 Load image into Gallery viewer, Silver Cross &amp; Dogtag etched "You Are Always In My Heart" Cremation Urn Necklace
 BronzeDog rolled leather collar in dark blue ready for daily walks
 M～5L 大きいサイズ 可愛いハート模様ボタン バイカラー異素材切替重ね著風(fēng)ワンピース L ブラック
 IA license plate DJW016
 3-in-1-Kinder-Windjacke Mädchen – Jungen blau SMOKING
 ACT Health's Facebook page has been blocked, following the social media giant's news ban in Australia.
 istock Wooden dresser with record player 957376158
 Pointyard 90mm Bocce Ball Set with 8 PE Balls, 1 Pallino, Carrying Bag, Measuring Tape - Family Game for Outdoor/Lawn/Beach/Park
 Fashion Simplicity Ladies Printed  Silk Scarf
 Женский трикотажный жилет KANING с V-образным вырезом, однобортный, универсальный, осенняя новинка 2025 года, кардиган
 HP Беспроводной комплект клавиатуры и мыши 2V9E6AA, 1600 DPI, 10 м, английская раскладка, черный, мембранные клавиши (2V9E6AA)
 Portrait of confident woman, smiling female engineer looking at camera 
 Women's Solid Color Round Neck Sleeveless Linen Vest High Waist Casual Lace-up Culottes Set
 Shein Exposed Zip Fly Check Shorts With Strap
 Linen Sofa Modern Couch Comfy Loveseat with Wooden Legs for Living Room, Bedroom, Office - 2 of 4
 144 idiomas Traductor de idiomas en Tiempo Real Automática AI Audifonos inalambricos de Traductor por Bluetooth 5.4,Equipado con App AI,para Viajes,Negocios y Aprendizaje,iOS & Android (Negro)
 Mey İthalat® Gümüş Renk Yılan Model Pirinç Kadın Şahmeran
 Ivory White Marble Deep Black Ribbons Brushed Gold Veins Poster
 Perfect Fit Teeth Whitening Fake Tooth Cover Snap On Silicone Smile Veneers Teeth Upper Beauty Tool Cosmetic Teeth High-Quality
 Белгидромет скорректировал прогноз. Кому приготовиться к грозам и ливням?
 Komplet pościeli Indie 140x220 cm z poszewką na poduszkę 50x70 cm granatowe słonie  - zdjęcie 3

————

#### [What the task asks]
Retype each of the records, word for word, with nothing added or dropped.

#### [Solution for this exercise]
 Load image into Gallery viewer, Silver Cross &amp; Dogtag etched "You Are Always In My Heart" Cremation Urn Necklace
 BronzeDog rolled leather collar in dark blue ready for daily walks
 M～5L 大きいサイズ 可愛いハート模様ボタン バイカラー異素材切替重ね著風(fēng)ワンピース L ブラック
 IA license plate DJW016
 3-in-1-Kinder-Windjacke Mädchen – Jungen blau SMOKING
 ACT Health's Facebook page has been blocked, following the social media giant's news ban in Australia.
 istock Wooden dresser with record player 957376158
 Pointyard 90mm Bocce Ball Set with 8 PE Balls, 1 Pallino, Carrying Bag, Measuring Tape - Family Game for Outdoor/Lawn/Beach/Park
 Fashion Simplicity Ladies Printed  Silk Scarf
 Женский трикотажный жилет KANING с V-образным вырезом, однобортный, универсальный, осенняя новинка 2025 года, кардиган
 HP Беспроводной комплект клавиатуры и мыши 2V9E6AA, 1600 DPI, 10 м, английская раскладка, черный, мембранные клавиши (2V9E6AA)
 Portrait of confident woman, smiling female engineer looking at camera 
 Women's Solid Color Round Neck Sleeveless Linen Vest High Waist Casual Lace-up Culottes Set
 Shein Exposed Zip Fly Check Shorts With Strap
 Linen Sofa Modern Couch Comfy Loveseat with Wooden Legs for Living Room, Bedroom, Office - 2 of 4
 144 idiomas Traductor de idiomas en Tiempo Real Automática AI Audifonos inalambricos de Traductor por Bluetooth 5.4,Equipado con App AI,para Viajes,Negocios y Aprendizaje,iOS & Android (Negro)
 Mey İthalat® Gümüş Renk Yılan Model Pirinç Kadın Şahmeran
 Ivory White Marble Deep Black Ribbons Brushed Gold Veins Poster
 Perfect Fit Teeth Whitening Fake Tooth Cover Snap On Silicone Smile Veneers Teeth Upper Beauty Tool Cosmetic Teeth High-Quality
 Белгидромет скорректировал прогноз. Кому приготовиться к грозам и ливням?
 Komplet pościeli Indie 140x220 cm z poszewką na poduszkę 50x70 cm granatowe słonie  - zdjęcie 3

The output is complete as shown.